# Task directions
For the records below, please print exactly and only the lines from the one with "Kit extractor de" down to the one with "Twin set básico", both ends included, omitting the pictures.

# Records for this task
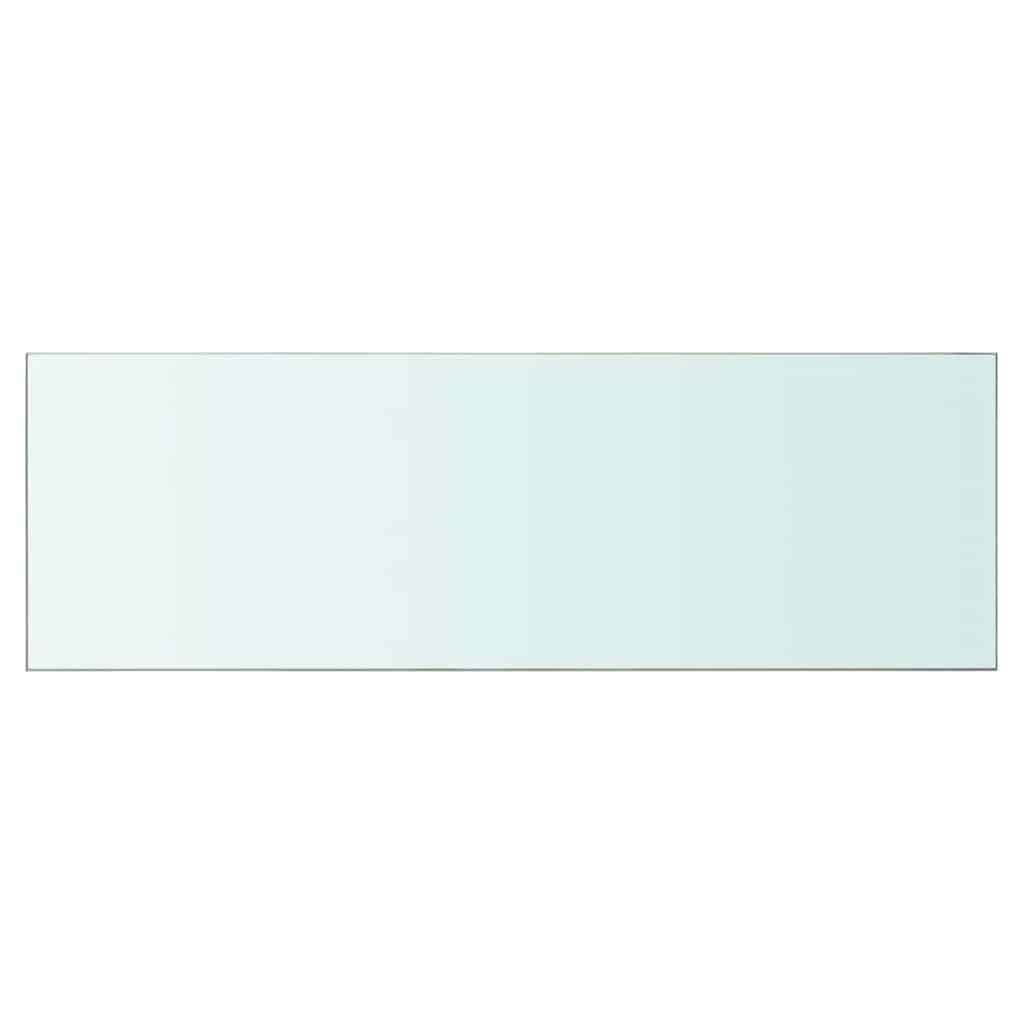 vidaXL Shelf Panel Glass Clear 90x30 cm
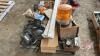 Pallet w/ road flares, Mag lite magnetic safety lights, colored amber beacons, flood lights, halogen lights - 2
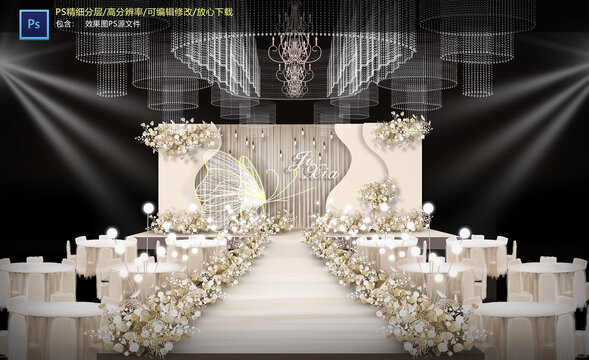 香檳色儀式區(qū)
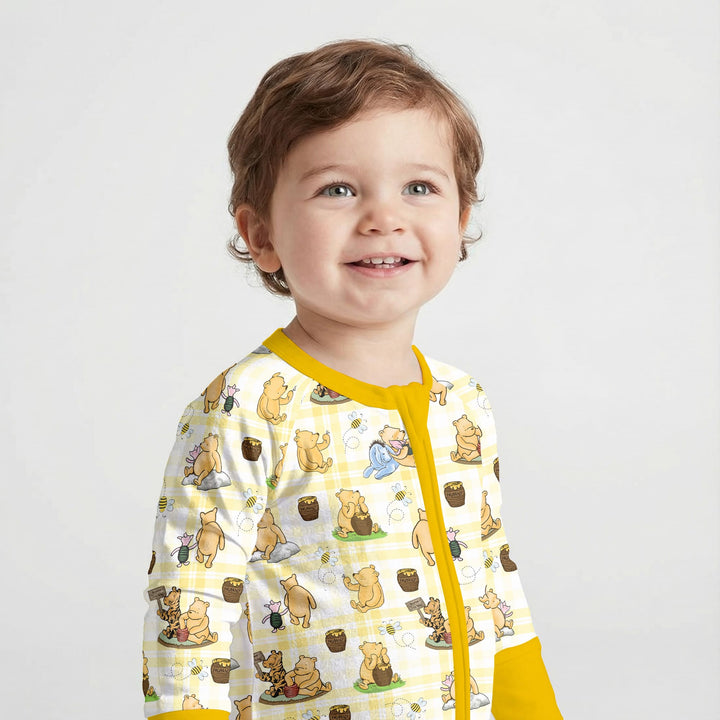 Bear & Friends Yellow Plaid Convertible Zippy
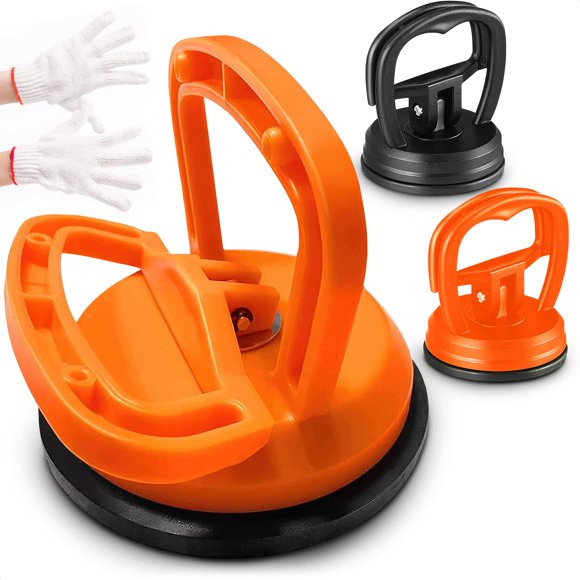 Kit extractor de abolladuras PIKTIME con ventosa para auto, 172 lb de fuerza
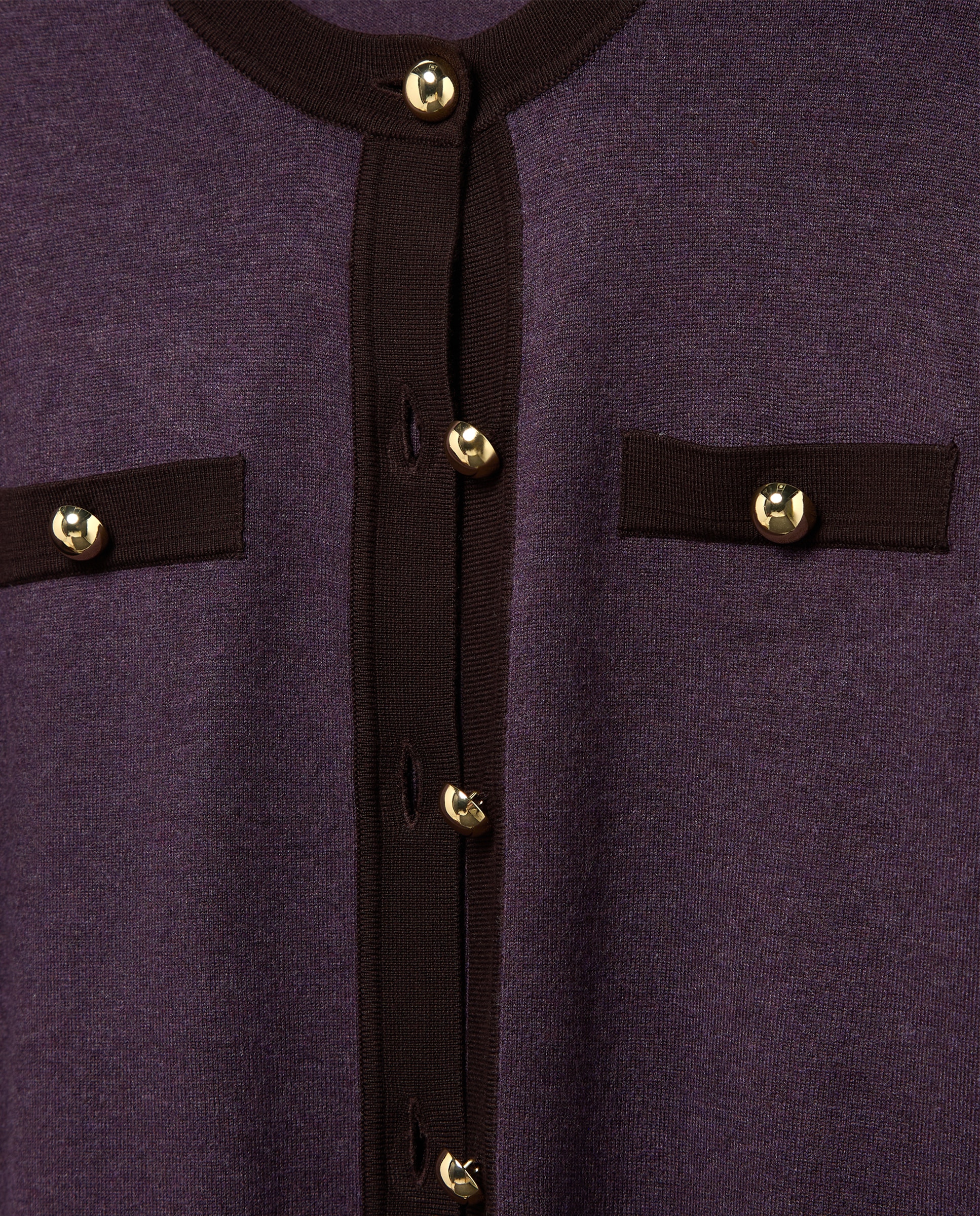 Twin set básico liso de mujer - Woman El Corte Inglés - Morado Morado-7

* * *

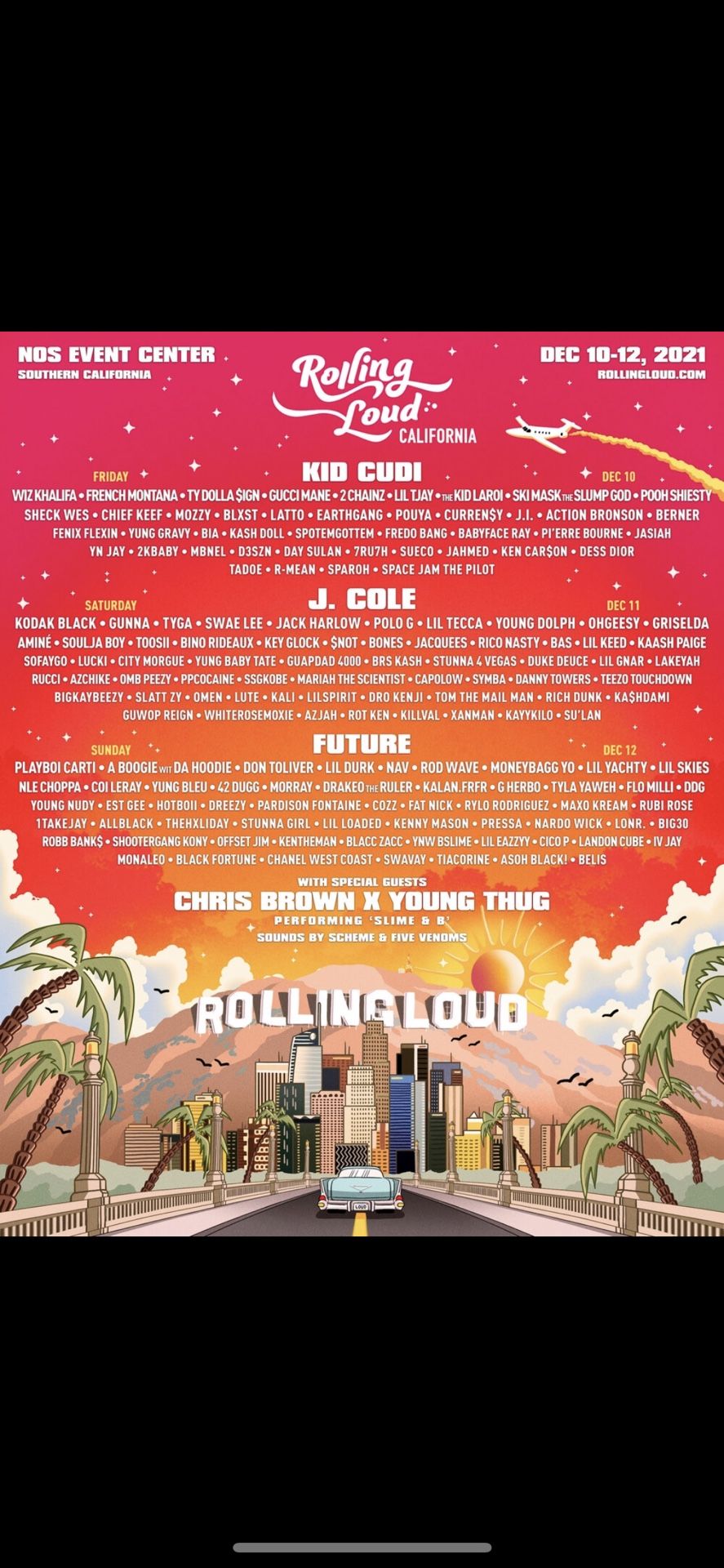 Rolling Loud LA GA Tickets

# Output below
 Kit extractor de abolladuras PIKTIME con ventosa para auto, 172 lb de fuerza
 Twin set básico liso de mujer - Woman El Corte Inglés - Morado Morado-7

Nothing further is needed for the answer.